Liuyan Zhao is a Chinese and American experimental condensed matter physicist whose research uses optical spectroscopy and scanning tunneling microscopy to study the electronic and magnetic properties of quantum materials. She is a professor of physics at the University of Michigan.

==Education and career==
Zhao received a bachelor's degree in physics from the University of Science and Technology of China in 2008. Next, she went to Columbia University for graduate study in physics, where she received a master's degree in 2010 and completed her Ph.D. in 2013.

She became a Prize Postdoctoral Fellow in physics at the California Institute of Technology from 2013 to 2016. In 2017, she joined the University of Michigan as an assistant professor of physics. She was promoted to associate professor in 2022 and professor in 2026, and has been a QRI Fellow at the Michigan Quantum Research Institute since 2024.

==Research highlights==
During Zhao’s independent research career at the University of Michigan, her group has developed and applied symmetry-sensitive optical techniques to study phase transitions in solids. The group also creates and investigates new material platforms that host novel phases and enable unconventional physical responses. Her research highlights include detection of ferro-rotational (or ferro-axial) order, study of moiré magnetism, investigation of vestigial order in 2D magnets, among others.

==Recognition==
Zhao received the National Science Foundation CAREER Award in 2018, the Air Force Office of Scientific Research Young Inveestigator Award in 2020, a Sloan Research Fellowship in 2021, and the Presidential Early Career Award for Scientists and Engineers in 2025.

She was a 2019 recipient of the Bryan R. Coles Prize of the International Conference on Strongly Correlated Electron Systems, and the 2022 Macronix Prize of the International Organization of Chinese Physicists and Astronomers.

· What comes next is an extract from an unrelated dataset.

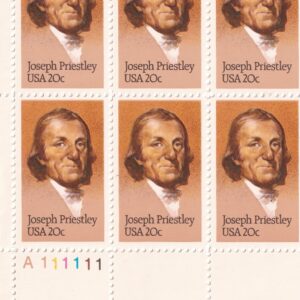Scott #2038 Joseph Priestley (Chemistry) Plate Block of 6 Stamps - MNH LL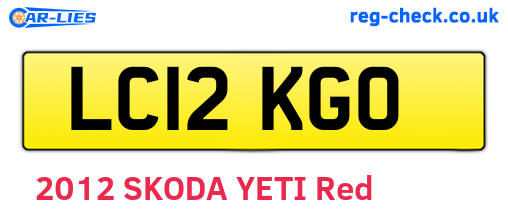 LC12KGO are the vehicle registration plates.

The University of Michigan gave her their Henry Russel Award in 2023 and their Elizabeth Caroline Crosby Award in 2025.

Zhao was the recipient of the Mildred Dresselhaus Award 2023 (Junior Prize) of the University of Hamburg, and visited the university as Mildred Dresselhaus Guest Professor. She was named as a Fellow of the American Physical Society (APS) in 2025, after a nomination from the APS Division of Condensed Matter Physics, "for outstanding experimental contributions in detecting multipolar orders with nonlinear optics and designing two-dimensional magnetic multipolar phases with twisted moiré magnets".